Richards returns to duet with Waits on “Last Leaf on the Tree.” The song continues the Waitsian tradition of pathos-eliciting balladry and is the most heartrending piece on the album, an ode to one’s own resilience, at once defiant and mournful. “Kiss Me,” with its despair masquerading as hope, is a self-referential nod to Waits’s own early years on the Asylum label, sounding like it could have hailed from Blue Valentine. And were Johnny Cash still around, the country waltz “Back in the Crowd” would surely have appeared on his next American Recording. It’s not all doom, though; there’s a fair helping of the glitter.

“Chicago” romanticizes the notion of forsaking stagnancy on a whim for the chance of a better life. One gets the impression Waits is of the mind that the act of plunging into the unknown is the objective, not merely the means of achieving it. It’s about the adventure, not the arrival. And it can’t be an accident that a song called “Chicago” is carried by Waits’s best Howlin’ Wolf impression.

Similarly, “Face to the Highway” conjures the mood of a long-time coming drive out of town, of heading down a deserted stretch of highway at 4 in the morning as an endless series of overpass lights stream by. But where “Chicago” lauds solidarity as a means to foster bravery and inspire bold decisions, “Face to the Highway” credits the narrator’s abandonment of another as necessary, that it is the road and freedom or a stilted existence in a prison cell that lies before him.

Bad As Me also builds on Waits’s ever-increasing dabbling with political matters, featuring no less than two finger-pointing ditties.

“Talking at the Same Time” bemoans the futility of American politics, the Sisyphian nature and influence of selfish interests increasingly defining the process. “We bailed out all the millionaires/They got the fruit/We got the rind” he hisses like a coiled snake in his smoothest falsetto yet. No more are his pipes shrill and alarming when tapping into a higher register. Well, not as alarming; Waits will always carry a sense of dread in his vocal cords, something that can’t help but make your heart flutter in unease. The melody and seesaw rhythm evoke the soundtrack to a 1940s film noir; one can envision a sleazy gumshoe chain-smoking in the neon blue haze of a no-tell motel somewhere in the Deep South.

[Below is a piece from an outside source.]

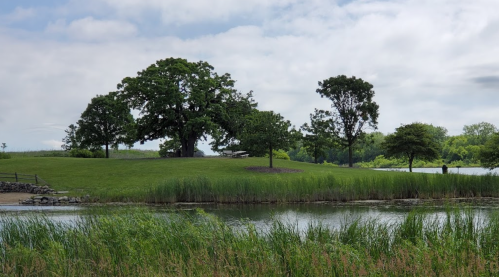 A serene landscape featuring a calm pond, lush green grass, and trees under a cloudy sky.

The second political number, “Hell Broke Luce,” is the most challenging, and engaging, track on the record. Equal parts blues stomp, field holler, and military march, the pastiche is a dispatch from the frontlines of war. Waits doesn’t shy from addressing the innate absurdity of war, and makes no bones about depicting the horror in appropriately profane terms: “Listen to the general, every goddamn word/How many ways can you polish up a turd?” Rumor is, the song was inspired by Jeff Lucey, a U.S. Marine who returned to America from combat in Iraq only to commit suicide. The industrial rattle of melodies and instruments competing for dominance make for an unsettling listen, with Waits sounding like Old Scratch reversing the tides of damnation, unleashing his hordes on the world. Now it may be a coincidence, but an interrupting tuba solo amid the bedlam can’t help but be reminiscent Waits’s own “God’s Away on Business;” is the message here that when God’s away, the Devil will play?

Following such a tour of chaos, the morning-after feel of “New Year’s Eve” is a bit of a letdown. That being said, it’s not a poor song, depicting a dysfunctional family’s festivities as another year draws to close, but it fails to move with the same gravitas as the best Waits closers—“That Feel,” “Come on up to the House,” and “The Day After Tomorrow.” This boils down to personal taste, but bonus song “Tell Me”—with its pondering of the mundane and spaghetti western guitar lines—would have been a more suitable and rewarding capstone.

All told, the album straddles that delicate line of breaking new ground while acknowledging the past, making it Waits’s most accessible album in more than a decade.